- Exercise goal -
In the records below, find the line containing "Chitose Is in" and the line containing "證監會｜梁鳳儀獲委任為國際證監會組織亞太委員會主席任期2年". Give again exactly those lines and every line between them, omitting the pictures.

- Data for analysis -
'''

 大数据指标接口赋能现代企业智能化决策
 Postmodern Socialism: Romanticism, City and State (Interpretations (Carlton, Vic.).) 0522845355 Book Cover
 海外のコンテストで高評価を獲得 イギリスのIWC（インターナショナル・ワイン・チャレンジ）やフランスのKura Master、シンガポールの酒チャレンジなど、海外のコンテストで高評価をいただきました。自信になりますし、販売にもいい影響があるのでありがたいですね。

'''
'''

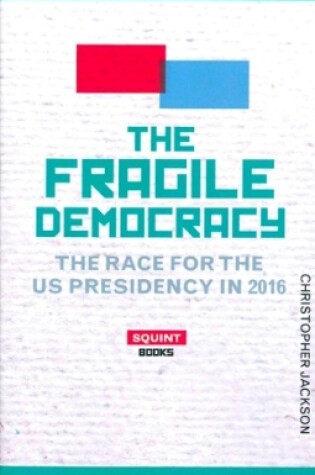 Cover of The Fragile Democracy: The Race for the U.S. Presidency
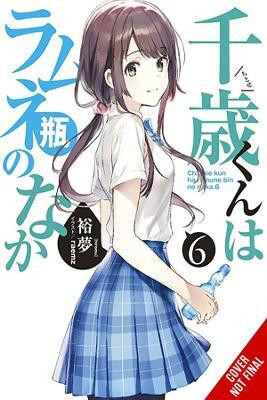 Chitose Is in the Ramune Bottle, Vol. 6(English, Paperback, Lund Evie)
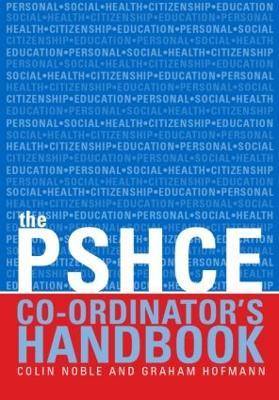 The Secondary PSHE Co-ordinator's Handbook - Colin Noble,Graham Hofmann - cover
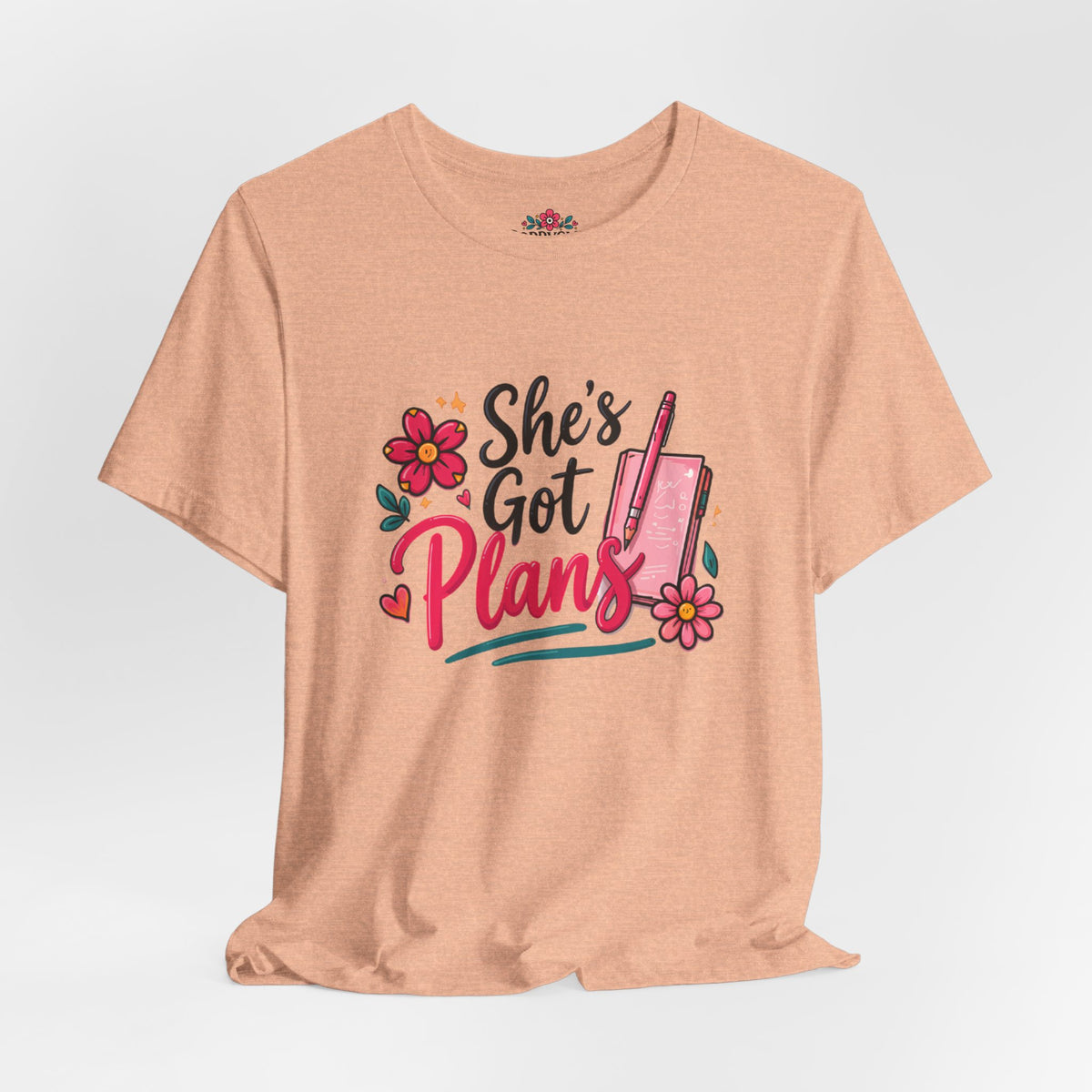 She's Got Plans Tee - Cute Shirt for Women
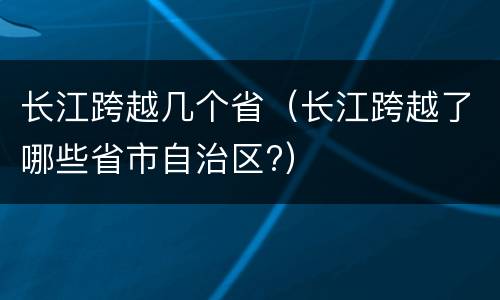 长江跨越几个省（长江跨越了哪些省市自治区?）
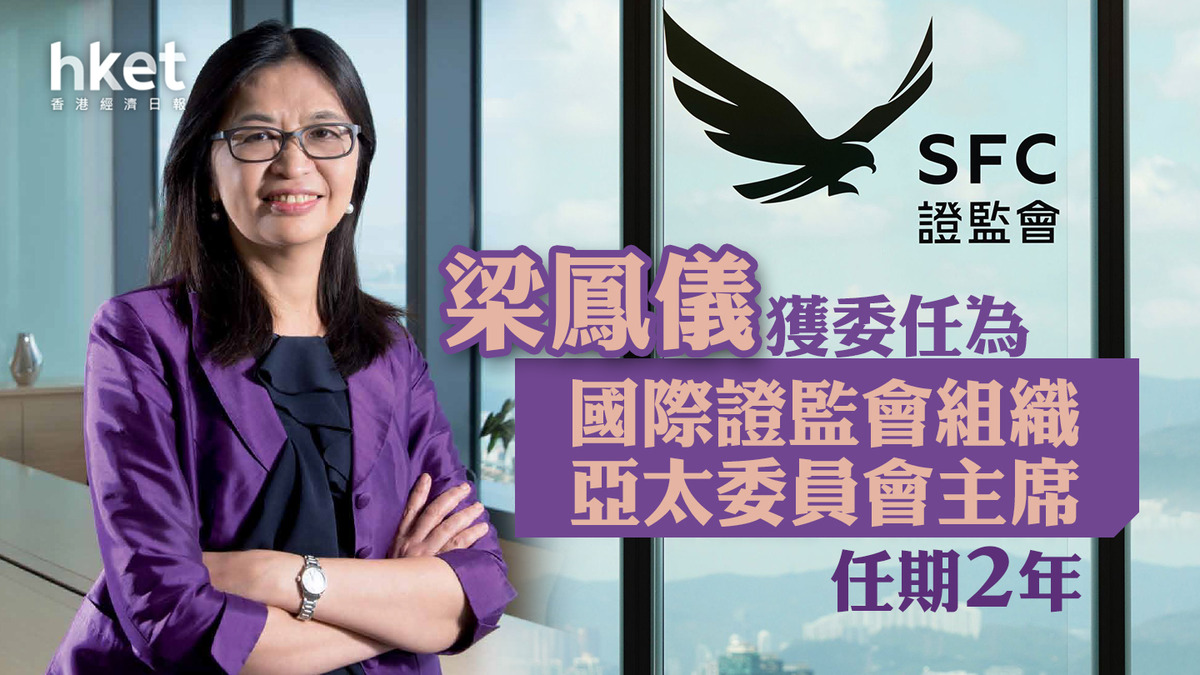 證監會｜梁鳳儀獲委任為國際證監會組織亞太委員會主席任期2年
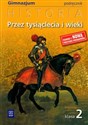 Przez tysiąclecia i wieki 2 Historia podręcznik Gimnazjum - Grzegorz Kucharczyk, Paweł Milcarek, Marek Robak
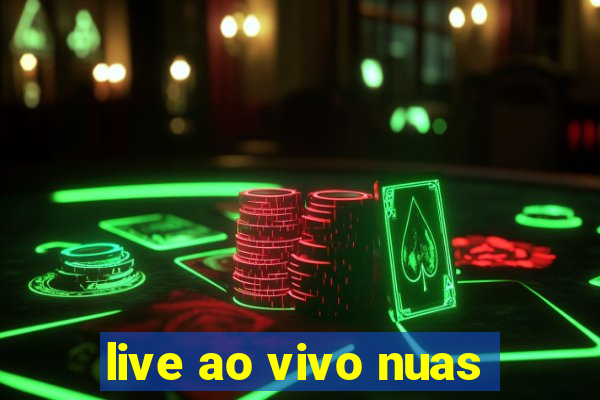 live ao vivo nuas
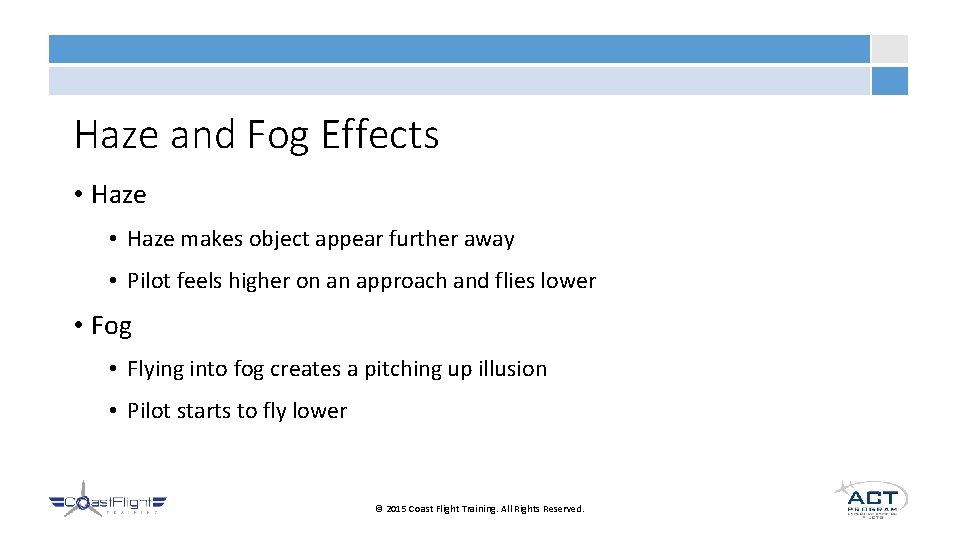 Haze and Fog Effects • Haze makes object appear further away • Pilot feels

'''

- Answer to this task -
 Chitose Is in the Ramune Bottle, Vol. 6(English, Paperback, Lund Evie)
 The Secondary PSHE Co-ordinator's Handbook - Colin Noble,Graham Hofmann - cover
 She's Got Plans Tee - Cute Shirt for Women
 长江跨越几个省（长江跨越了哪些省市自治区?）
 證監會｜梁鳳儀獲委任為國際證監會組織亞太委員會主席任期2年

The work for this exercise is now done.